» TASK ITEM
Look through the entries below and copy exactly the part that begins with the line containing "Cabo Micro USB" and ends with the line containing "Women Party Dress". Do not copy the pictures.

» TASK DATA
§ §
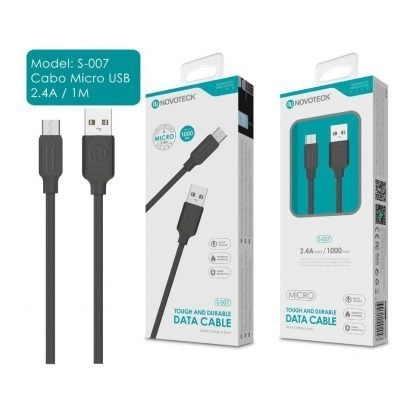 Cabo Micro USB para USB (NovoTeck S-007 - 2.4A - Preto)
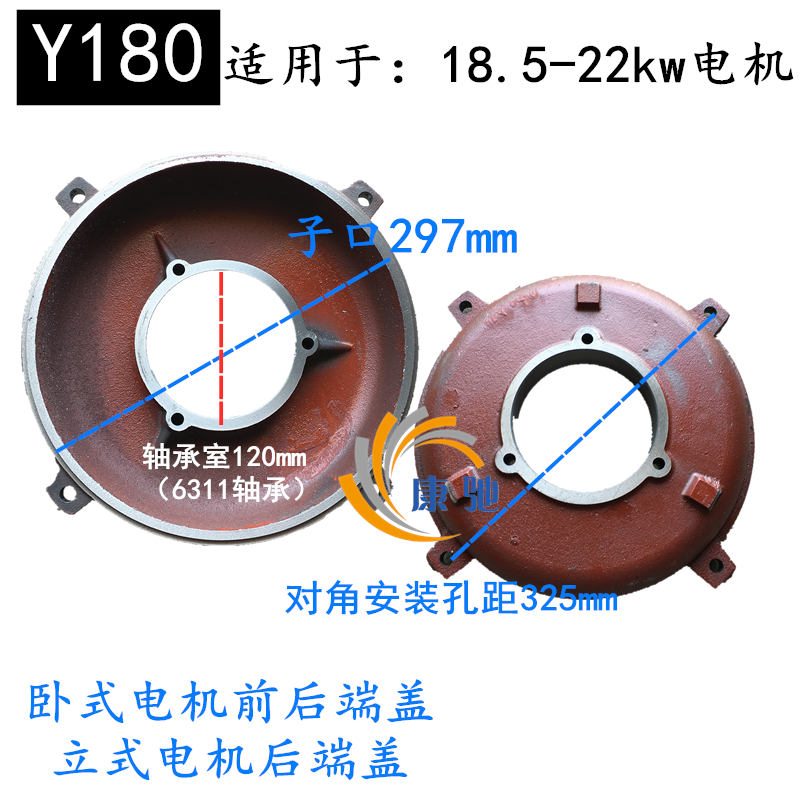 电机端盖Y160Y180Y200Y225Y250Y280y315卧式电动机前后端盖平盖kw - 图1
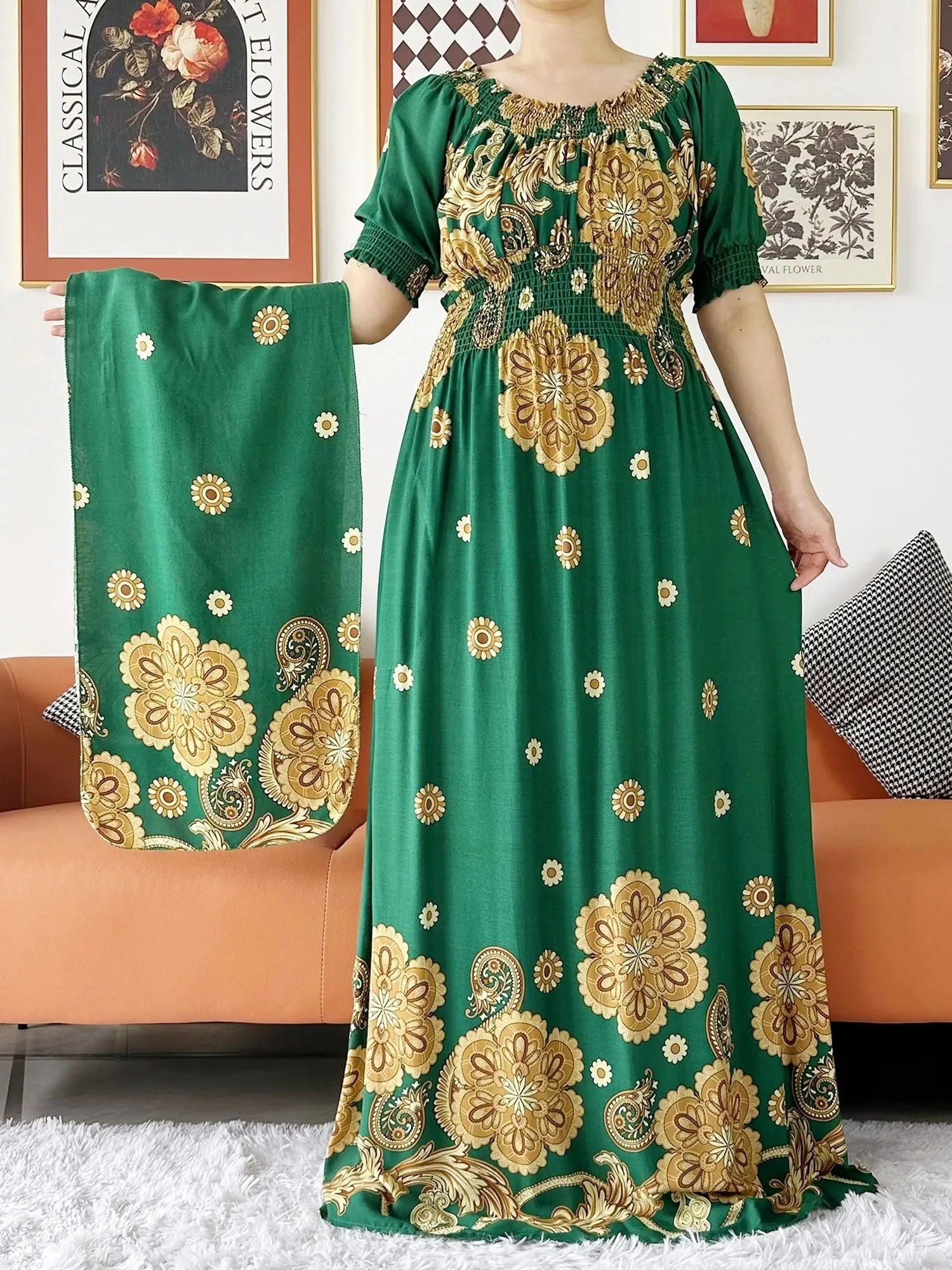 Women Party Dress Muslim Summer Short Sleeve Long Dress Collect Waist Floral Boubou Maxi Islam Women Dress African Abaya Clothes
§ §
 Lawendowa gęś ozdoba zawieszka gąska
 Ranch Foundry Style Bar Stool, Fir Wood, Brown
§ §
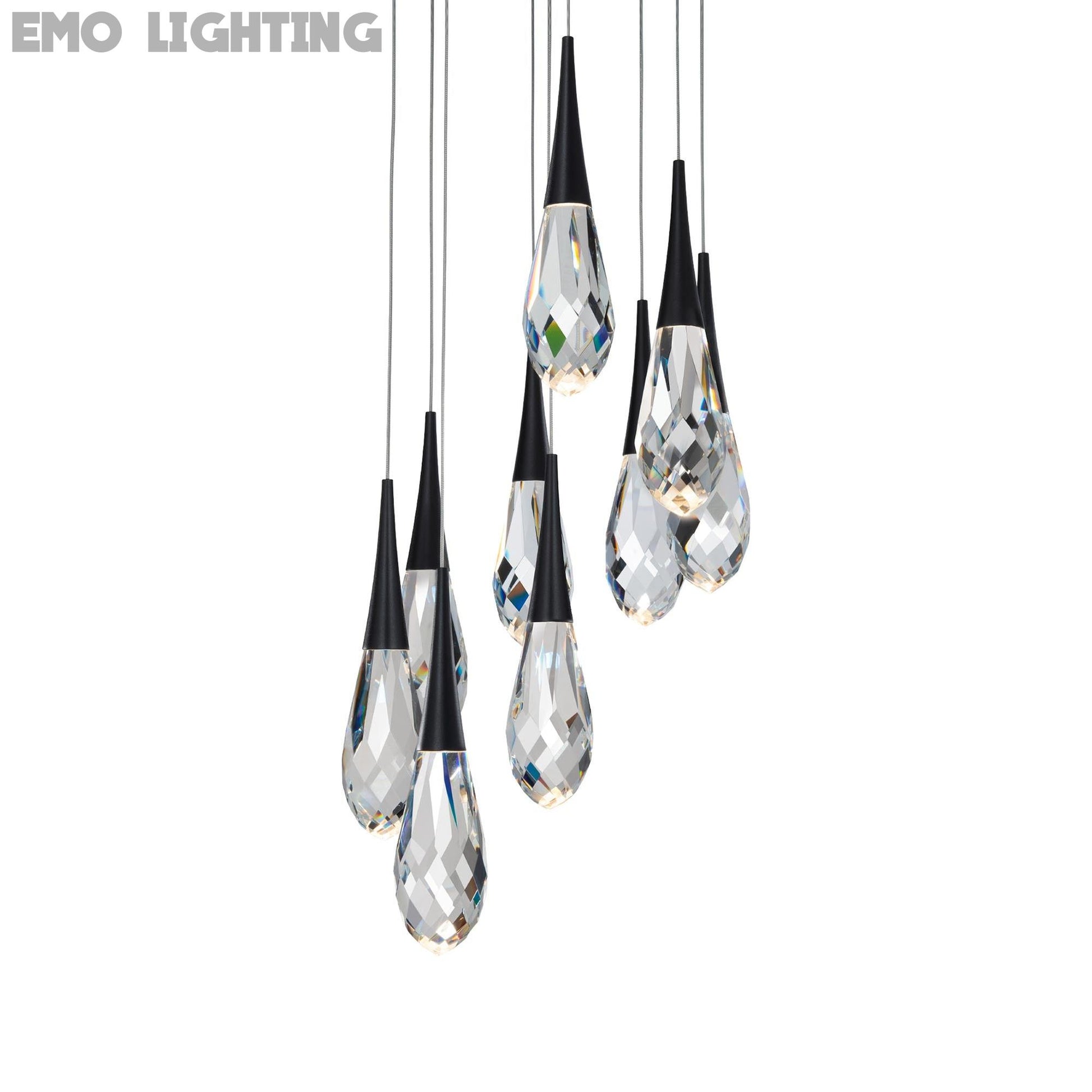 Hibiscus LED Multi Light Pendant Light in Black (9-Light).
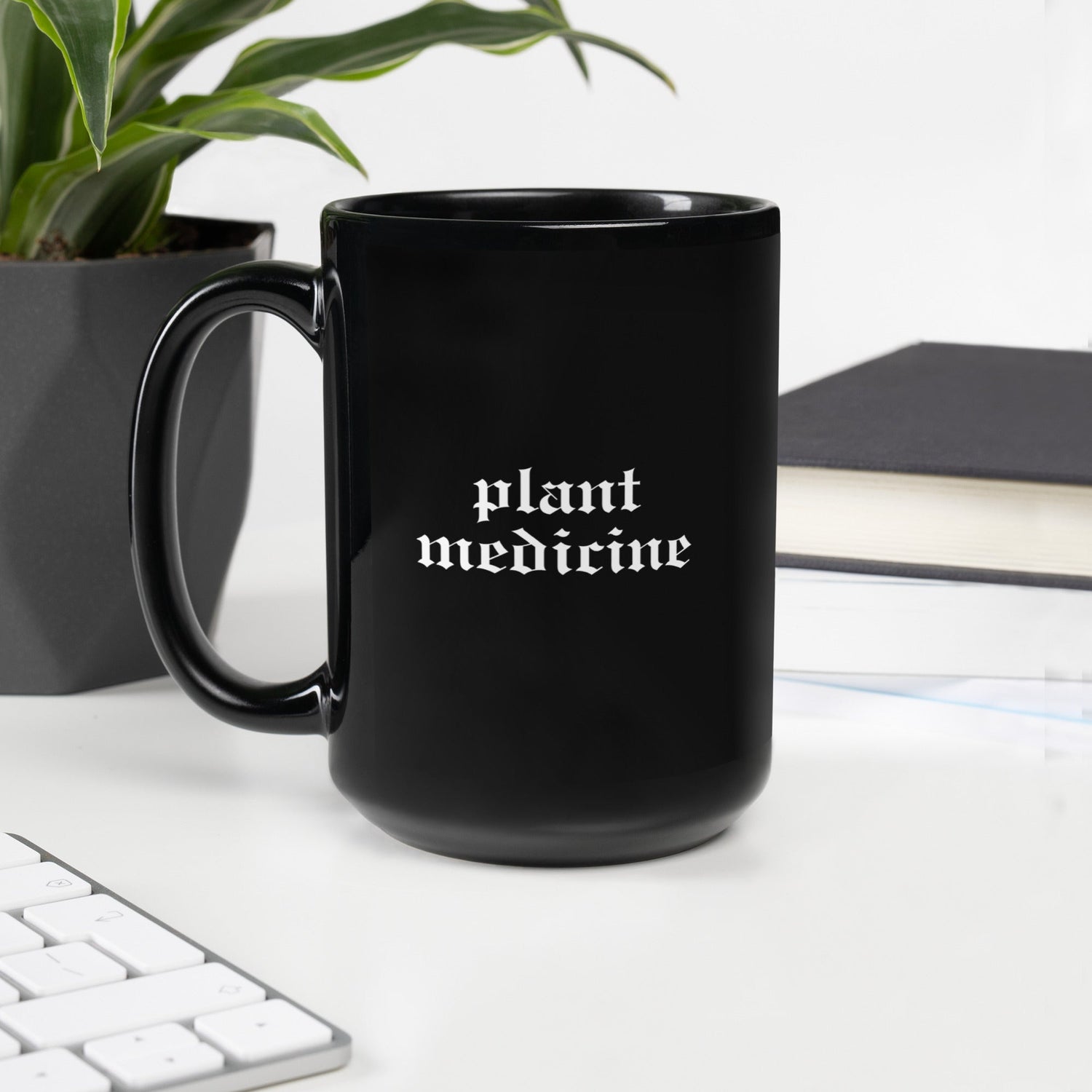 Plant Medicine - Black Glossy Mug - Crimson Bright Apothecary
§ §
» ANSWER SECTION
 Cabo Micro USB para USB (NovoTeck S-007 - 2.4A - Preto)
 电机端盖Y160Y180Y200Y225Y250Y280y315卧式电动机前后端盖平盖kw - 图1
 Women Party Dress Muslim Summer Short Sleeve Long Dress Collect Waist Floral Boubou Maxi Islam Women Dress African Abaya Clothes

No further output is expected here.